Maka Nabi Shallallahu ‘alaihi Wasallam mendatangi manusia di perkumpulan-perkumpulan mereka dan di tempat tinggal mereka.Pada musim haji, beliau datang ke berbagai tempat, sebagaimana beliau pergi ke Thaif untuk mengajak mereka kepada tauhid, memurnikan ibadah hanya kepada Allah dan mengingkari kesyirikan.Inilah dakwah yang pertama kali diserukan oleh Rasulullah Shallallahu ‘alaihi Wasallam.Hal ini karena tauhid adalah pondasi / asas agama.Maka demikian hendaknya seorang da’i.Hendaknya dia mementingkan perkara ini (tauhid) dan menjadikan dakwah kepada tauhid ini sebagai perkara paling penting dalam dakwahnya.Nabi Muhammad Shallallahu ‘alaihi Wasallam mengajak kepada keikhlasan (memurnikan ibadah hanya kepada Allah), dan meninggalkan peribadatan kepada selain Allah Ta’ala, termasuk peribadatan kepada para wali dan orang-orang shaleh atau selainnya.Inilah dakwah para Rasul, sebagaimana firman Allah Ta’ala (artinya) : “Dan Kami (Allah) tidaklah mengutus seorang Rasul pun sebelum kamu, melainkan Kami wahyukan kepada Rasul tersebut agar ia berseru : “Bahwasanya tidak ada sesembahan yang berhak diibadahi melainkan Aku (Allah), maka sembahlah Aku“. (QS. Al Anbiya’ : 25)

Juga firman-Nya (artinya) : “Dan sesungguhnya Kami (Allah) telah mengutus Rasul pada tiap-tiap umat (untuk menyerukan) : “Sembahlah Allah (saja) dan jauhilah thaghut (sesuatu yang disembah selain Allah)…“ (QS. An Nahl : 36)

Demikianlah manhaj (jalan) para Rasul ‘Alaihim ash-Shalatu Wa as-Salam.Mereka menyeru manusia untuk beribadah kepada Allah Ta’ala saja dan meninggalkan ibadah kepada selain-Nya.

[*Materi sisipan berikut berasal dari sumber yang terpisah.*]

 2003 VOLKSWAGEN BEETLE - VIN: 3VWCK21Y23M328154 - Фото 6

Beribadah Kepada Allah Ta’ala Tidak Membutuhkan Perantara

Para pembaca rahimakumullah, Allah Ta’ala itu dekat lagi mengabulkan doa.Allah Maha Mendengar dan Maha Melihat.Allah Maha Penyayang dan menerima taubat hamba-Nya.Allah Ta’ala tidak memerintahkan kita untuk menjadikan perantara dalam doa dengan gambaran seperti di atas.Bahkan Allah memerintahkan kita untuk berdoa kepada Allah secara langsung.Allah mengatakan dalam firman-Nya : “Maka sembahlah Allah dengan memurnikan ibadah kepada-Nya…“ (QS.Ghafir : 14)

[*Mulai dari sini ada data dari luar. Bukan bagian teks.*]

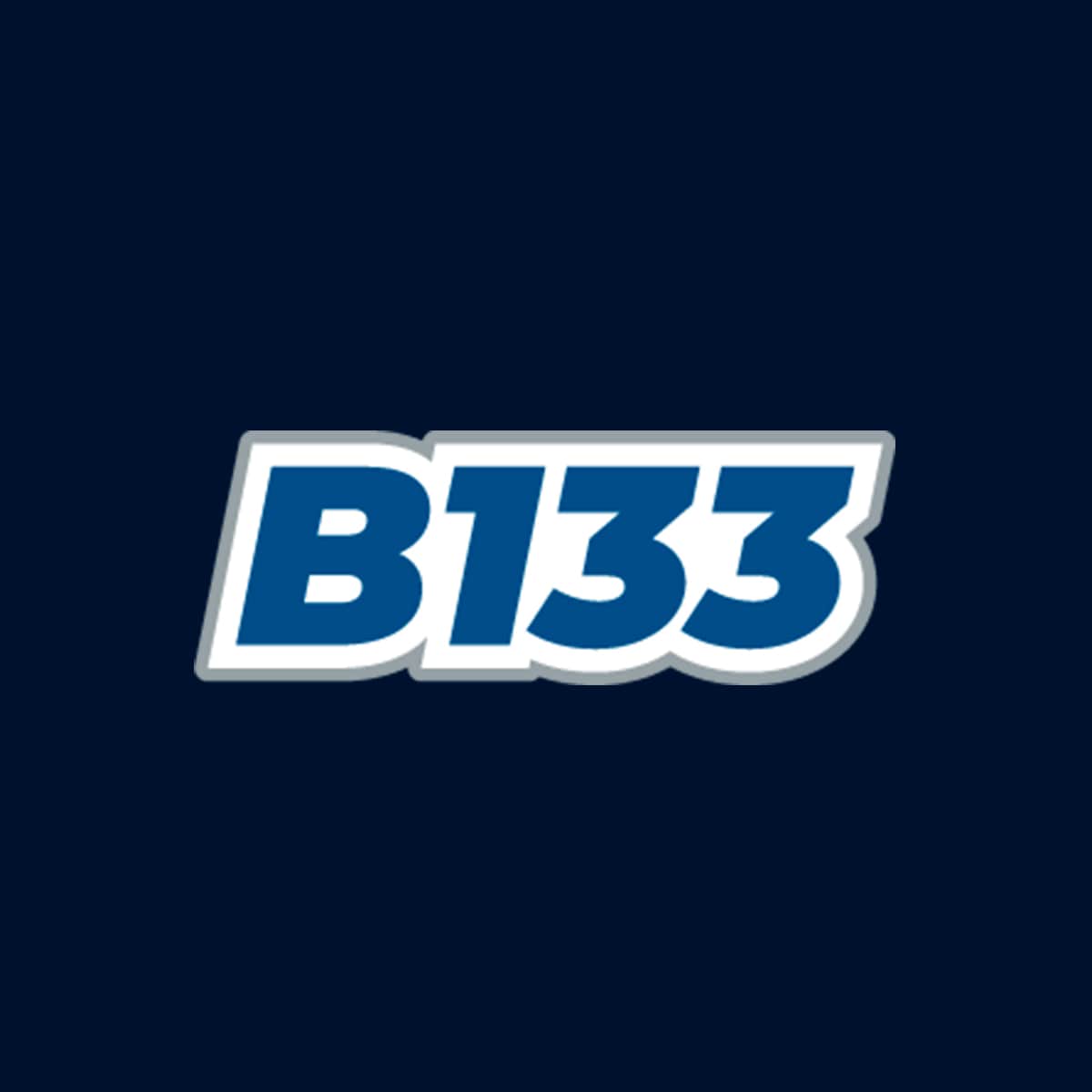 B133 Casino Malaysia Logo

Juga firman-Nya : “Dan Rabb kalian berkata : “Berdoalah kepada-Ku, niscaya akan Aku perkenankan bagimu…“ (QS.Ghafir : 60)

Dari ayat-ayat di atas, Allah Ta’ala memerintahkan kita untuk berdoa kepada Allah secara langsung dan tidak memerintahkan kita untuk menjadikan perantara antara kita dengan Allah Ta’ala.Dari uraian di atas, kita ketahui bahwa apa yang dilakukan oleh Quburiyyun (baik masa dahulu maupun sekarang), berupa peribadatan kepada para wali atau orang-orang shaleh dengan menjadikan mereka sebagai perantara dan sebagai pemberi syafaat di sisi Allah Ta’ala adalah sesuatu yang bertentangan dengan perintah Allah Ta’ala.Sungguh hal ini telah diingkari oleh Rasulullah Shallallahu ‘alaihi Wasallam, bahkan pertama kali yang diingkari oleh beliau.Dengan demikian wajib bagi kaum muslimin untuk memurnikan ibadah hanya kepada Allah Ta’ala dan meninggalkan peribadatan kepada selain-Nya.